Hopes of change after the horrible massacre are left unfulfilled.

 Britain's opposition Labour Party leader, Jeremy Corbyn (photo credit: PETER NICHOLLS/REUTERS)
Britain's opposition Labour Party leader, Jeremy Corbyn
Forty-six years ago the world watched on television as the 1972 Olympic games were hijacked by murderous terrorism. Eleven Israelis were taken hostage by Palestinians and murdered, nine of them on the tarmac of a Germany military airport. Those watching the tragedy unfold initially got positive reports that most of the athletes had survived. Soon after midnight on September 6, Jim McKay relayed the final news. “They’re all gone.” Six Israeli coaches, 5 athletes, 1 German policeman: all massacred.
The legacy of Munich overshadows us today. From the very beginning Germany, the European powers and the world tried to downplay the murders. Officials sought to continue the games as if nothing had happened.
Even though an attack on the Olympics and its values of peaceful competition would appear to go against the very fabric of the games, for decades the 1972 massacre was treated as if it was an Israeli problem and that those seeking to commemorate it were trying to politicize the games. Only in 2016, 44 years later, were the victims commemorated in an official ceremony organized by the International Olympic Committee.
But the aftermath of the mass murder has not resulted in a greater understanding of the need to confront terror or even to treat Israel equally. The three terrorists who survived the gun battle at Furstenfeldbruck Airport were supposed to stand trial. But when members of the Palestinian terrorist group Black September hijacked Lufthansa Flight 615 that October, the West German government released the hijackers. They were transported to Libya where they got a hero’s welcome. The release was a clear message that Jewish and Israeli lives are worthless. It was left to Israel to hunt down the terrorists and the masterminds behind the killings.
In 2014, Jeremy Corbyn participated in a ceremony in Tunisia at the Cemetery of the Martyrs of Palestine graveyard where he was pictured holding a wreath near graves of Black September members. He was excoriated on social media, including by Prime Minister Benjamin Netanyahu who said his act “deserves unequivocal condemnation from everyone.”
But Corbyn said that he had gone to the event “because I wanted to see a fitting memorial to everyone who has died in every terrorist attack everywhere.” If that was true, then Corbyn should have laid a wreath for the athletes – the victims – of the 1972 attack. Corbyn’s offensive act is compounded by the unwillingness of German Chancellor Angela Merkel and her Foreign Minister Heiko Mass to condemn Corbyn’s visit.
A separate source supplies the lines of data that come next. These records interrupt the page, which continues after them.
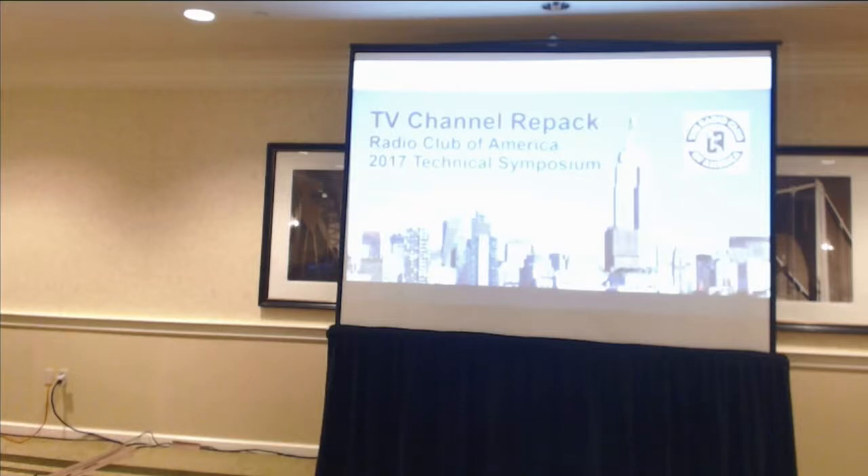Joe Siceka is going to tell us about TV Channel Repack. I have a friend who builds antennas for this business and he tried to explain it to me, and I got lost really fast. I'm a two-way radio guy — I didn't quite understand broadcast. I've looked at Joe's slides, and you will understand it thoroughly when you finish. Joe.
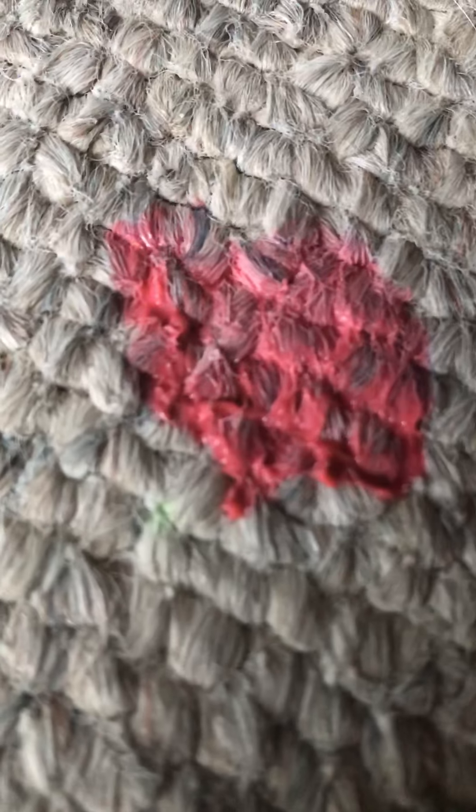This here is my watermelon jiggly slime that I got stuck on the carpet because I dropped some. And my mom is going to be home and she's not going to be very happy with this. So we're going to get this out.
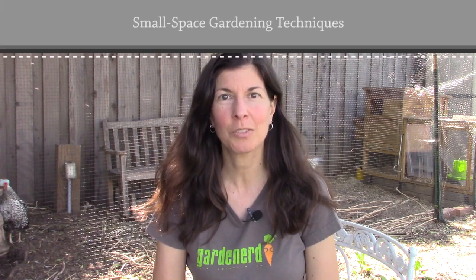Hi, I'm Christy Wilhelmi from Gardenerd, and today I'm sharing strategies I use here at Gardenerd headquarters for small space gardening. When growing things in a small garden you need to get as much in there as possible, so I use a couple of techniques: namely square foot gardening and grow bio-intensive methods.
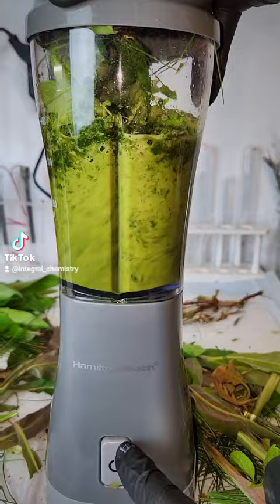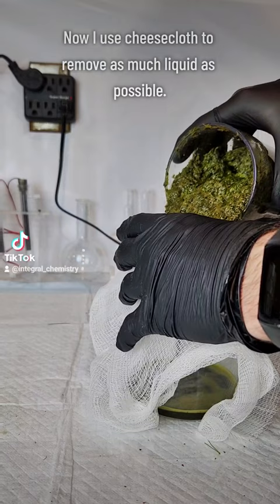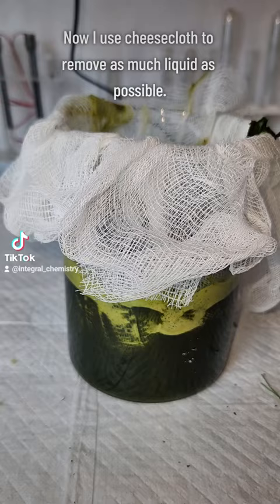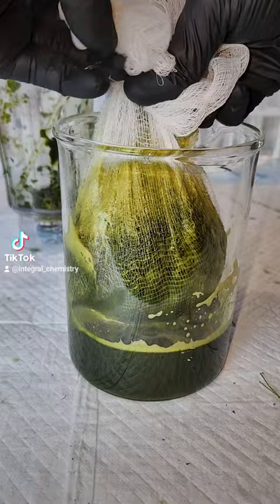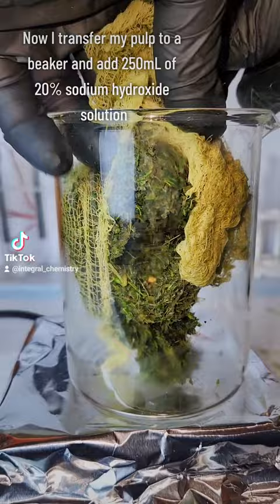I basically just made a big tea bag and squeezed as much water out as I could. The plant debris left behind at this point is a mixture of cellulose as well as secondary polymers and copolymers that help act as structural material for the plant. These aren't cellulose, so I don't want them, and my next step is going to be to destroy them using alkaline hydrolysis. The alkaline hydrolysis is conducted by mixing my plant pulp with a 20% sodium hydroxide solution, which will hydrolyze and destroy the secondary polymers and copolymers.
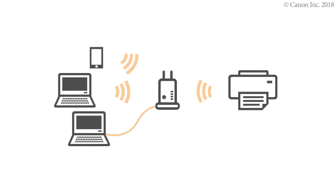Now you can print or scan from your Mac. To connect a mobile device, see the video Enabling Printing from a Smartphone, iOS, or Enabling Printing from a Smartphone, Android.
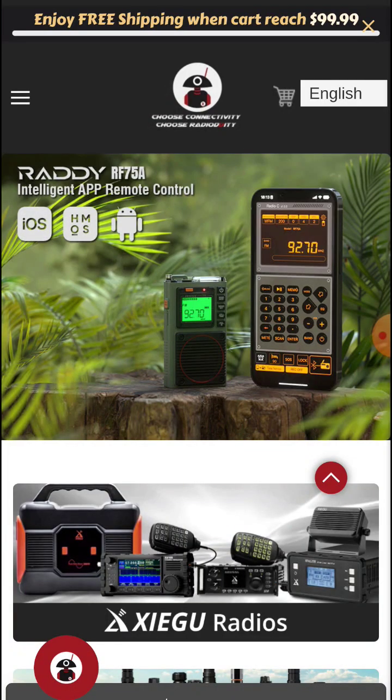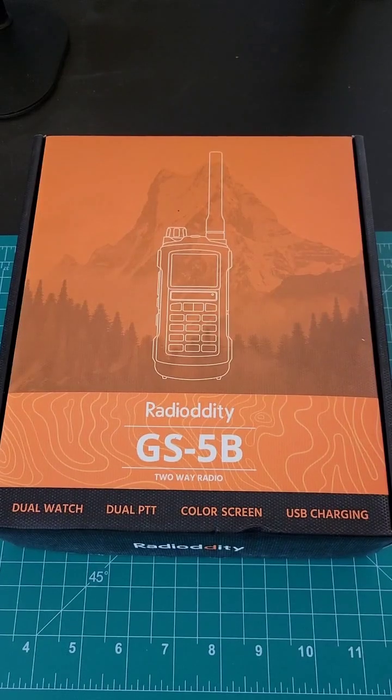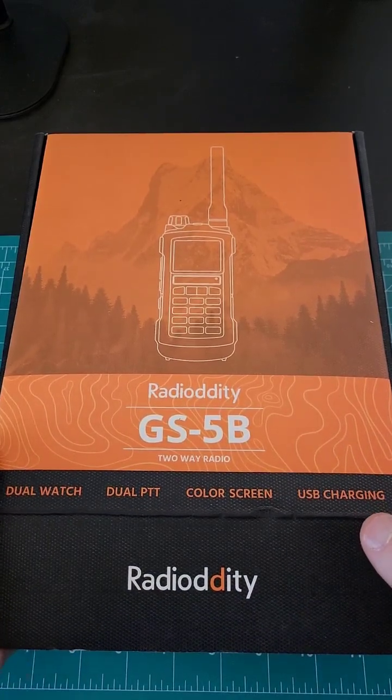I feel like it's time to explore other options for my HT, so I reached out to Radioddity and asked them what they have to offer that I might be interested in. They sent me the GS-5B to try out. I don't have to return this and they sent it for free, so I'll be giving this away at some point.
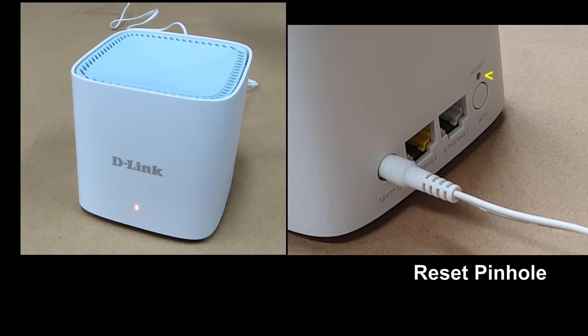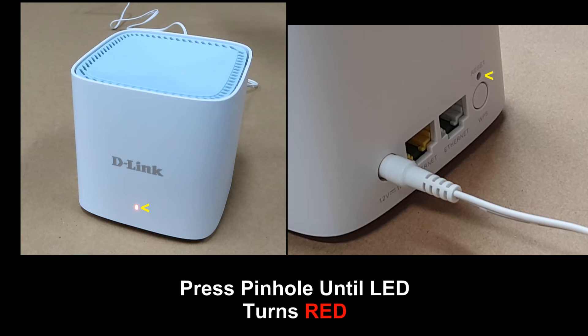You can see at the back of the router itself, there is a reset pinhole. Basically what you need to do is use a pin and put it into the pinhole until the LED status turns red.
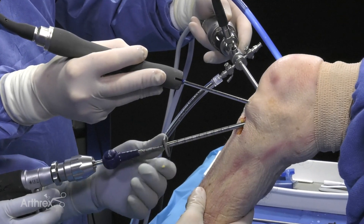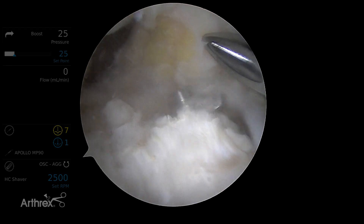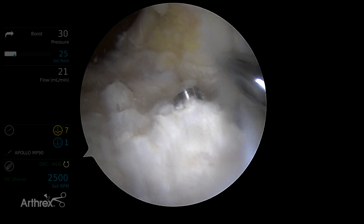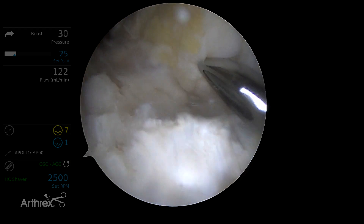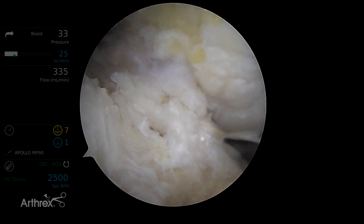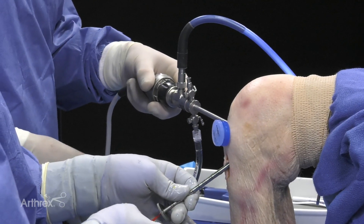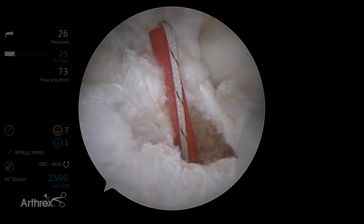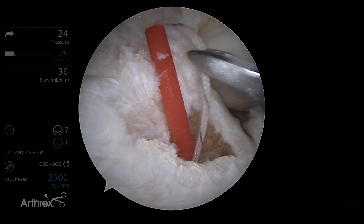Our flip cutter comes out directly where we wanted it in the ACL footprint. We'll retro cut our tibial socket to shave it in place. Get the debris out. Now we're going to pass through our tiger stick. Here's our loop grasper — this will be our shuttle suture on the tibial side.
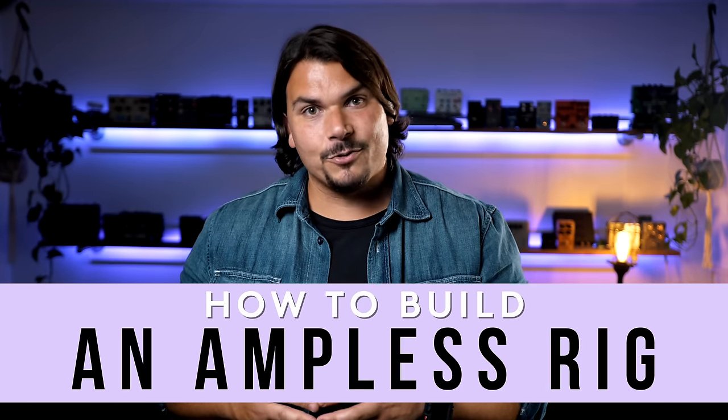Hi, I'm Mason Marangiella from Vertex Effects, aka The Rig Doctor, and today I'm going to show you my techniques, my strategies, my approach on how to build an amp-less rig.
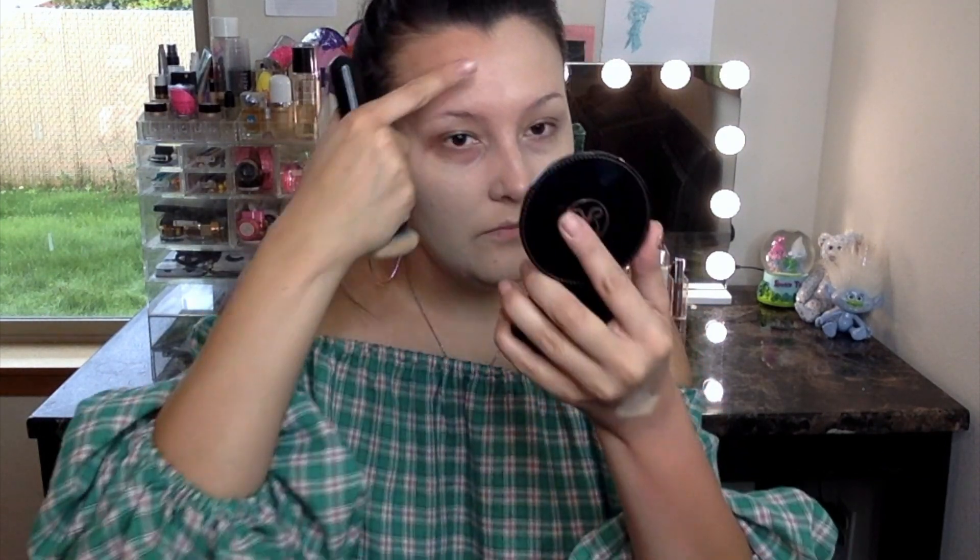I guess I need more than one pump — maybe two pumps. It all depends on your face and what you need to cover up. Sometimes you need a little, sometimes you need a lot. I totally forgot about the nose!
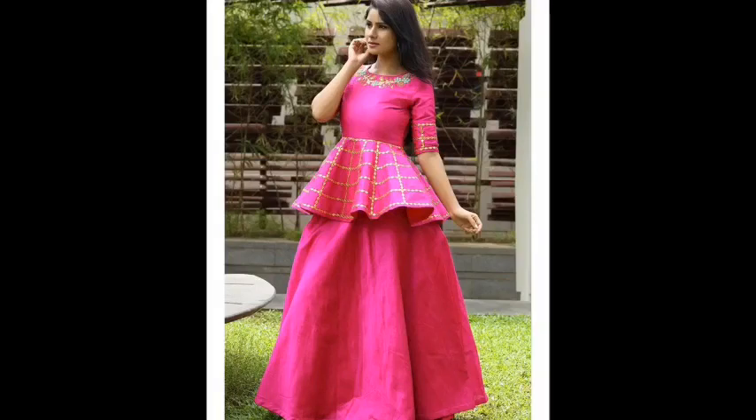Hey guys, welcome back to my channel. So friends, I'm going to take peplum top and lehenga designs for you, which will be very good in wedding season, and wedding season is on.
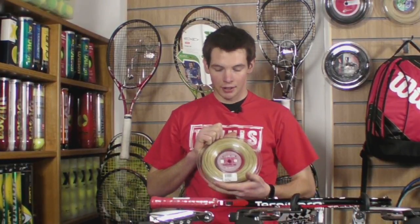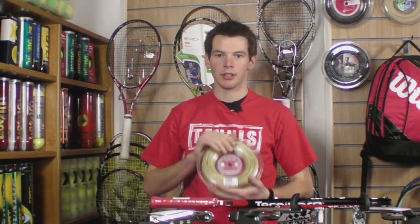I'd personally recommend this for someone that likes to camp out on the baseline, hit deep topspin shots and stay back. All in all, great string.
Munich’s legacy can be found in the continued double standards applied to Israel internationally and the way in which Israel is singled out for special hatred and criticism whether in sports or at the United Nations. In July, it was reported that a seven-year old Israeli chess player was banned from participating in the upcoming 2019 World Schools Chess Championship. In 2017 the same country had kept Israelis from participating.
But the real problem isn’t just Tunisia’s intolerance – it’s that international organizations keep purposely scheduling events there knowing Israeli athletes can’t participate. Israel is always the only country banned from participating again and again at international sporting events because too many international sports organizations give a blank check to countries to ban Israelis by selecting countries that discriminate.
The discrimination against Israeli athletes goes beyond just political differences. Some countries don’t recognize Kosovo, but Kosovar athletes can usually compete without restrictions. Israeli athletes are not only banned from some countries or our national symbols hidden away during competition, but the athletes of some countries refuse to even step into the ring with Israelis.
This too is not a “political” issue. In no other circumstance do the athletes of Iran refuse to wrestle, even with other enemies of Tehran. Even countries with the worst human rights records against Muslims, such as Myanmar’s treatment of the Rohingya, have their athletes respected. This is because the hatred of Israel and its athletes is not a political issue: it is an antisemitic hatred of Jews, foisted onto athletics.
Israel is the only country that suffers this kind of arbitrary and constant discrimination. When the world said “the games must go on” at Munich in 1972, the message was that Jewish lives have no meaning. In 2018 the world can do better. International sports groups need to guarantee equal access and equality in the arena for all players. It’s time to change Munich’s legacy.